FILE PHOTO: Senator David Perdue (R-GA) speaks during a campaign event as he runs for reelection at the Olde Blind Dog Irish Pub, in Milton, Georgia, U.S., December 21, 2020. REUTERS/Al Drago
December 5, 2021
WASHINGTON (Reuters) – Former U.S. Senator David Perdue plans to challenge Georgia Governor Brian Kemp in next year’s election, U.S. media reported on Sunday, opening a new Republican Party rift in a battleground state that handed Democrats their current U.S. Senate majority.
Perdue intends to make his announcement in a video on Monday and file his campaign paper work at the same time, Politico and The Atlanta Journal-Constitution reported, citing unnamed sources briefed on his plans.
Neither Perdue nor the Georgia Republican Party were immediately available to comment.

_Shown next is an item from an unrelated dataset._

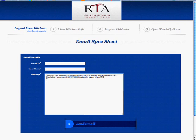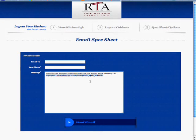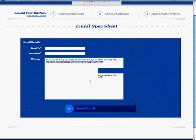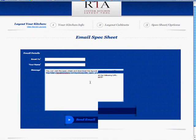This URL is the URL that would be sent to your friend, and from there they can view your spec sheet and your layout, print your layout, but not change any of the things that you have.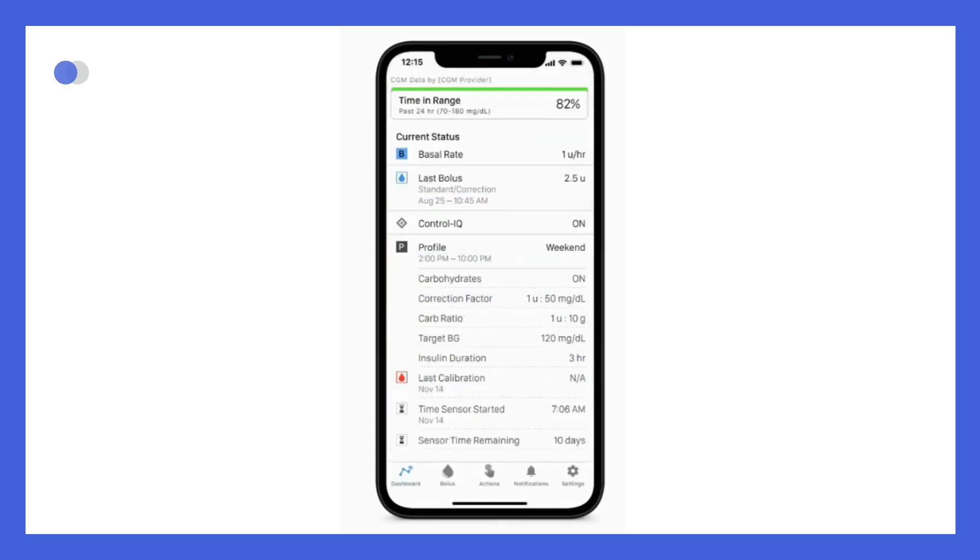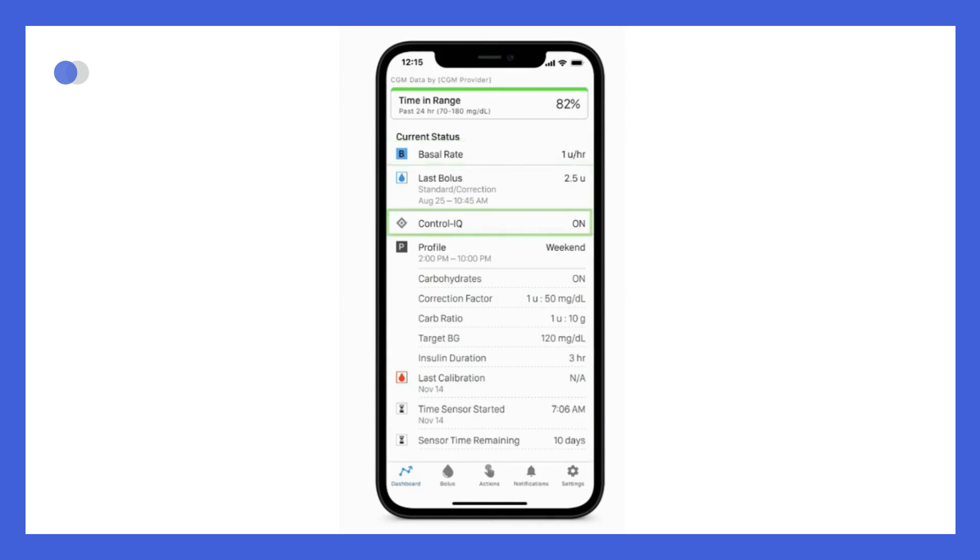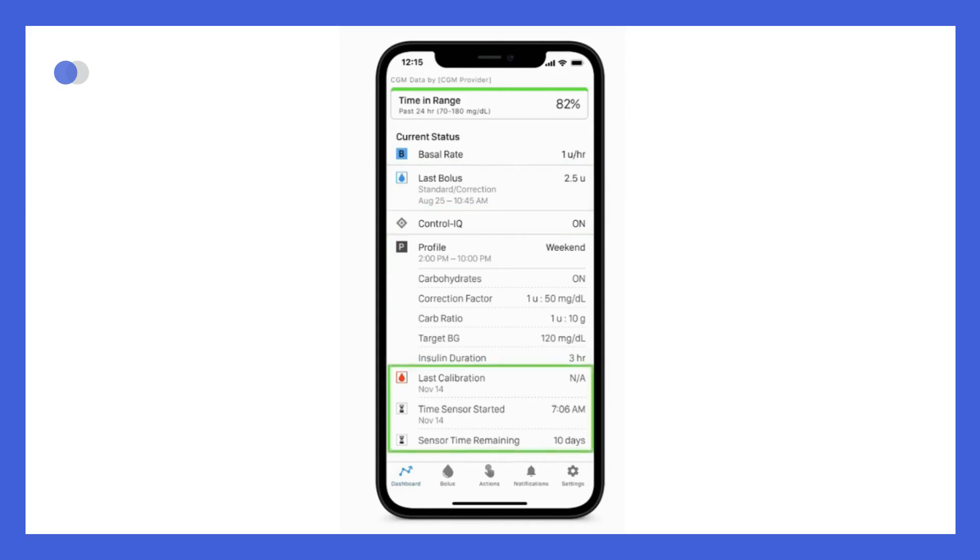When you swipe up, you find the current status of the pump. At the top, the current basal rate is displayed. Information on the last bolus delivered is shown here. You see the current status of Control IQ technology. Next, you see the settings for the active personal profile and beneath that you see the status of the CGM system, which may vary by sensor.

The reports said Perdue, a wealthy businessman, was recruited to run for governor by former President Donald Trump, after Kemp refused to help block November 2020 election results in the state that contributed to Democrat Joe Biden winning the presidency.
Voting rights activist Stacey Abrams announced on Wednesday that she would run for the Democratic Party’s gubernatorial nomination in Georgia, her second bid for the office.
Trump’s false claims about widespread election fraud have been blamed for dividing Georgia Republicans ahead of a pair of U.S. Senate run-off elections last January, in which Perdue was defeated by Democratic Senator Jon Ossoff. Former Republican Senator Kelly Loeffler also lost to Democrat Raphael Warnock in the run-offs.
Responding to the Sunday media reports, a Kemp campaign spokesman blasted Perdue as “the man who lost Republicans the United States Senate.”
“Governor Kemp has a proven track record of fighting the radical left to put hardworking Georgians first,” Kemp spokesman Cody Hall said in a statement.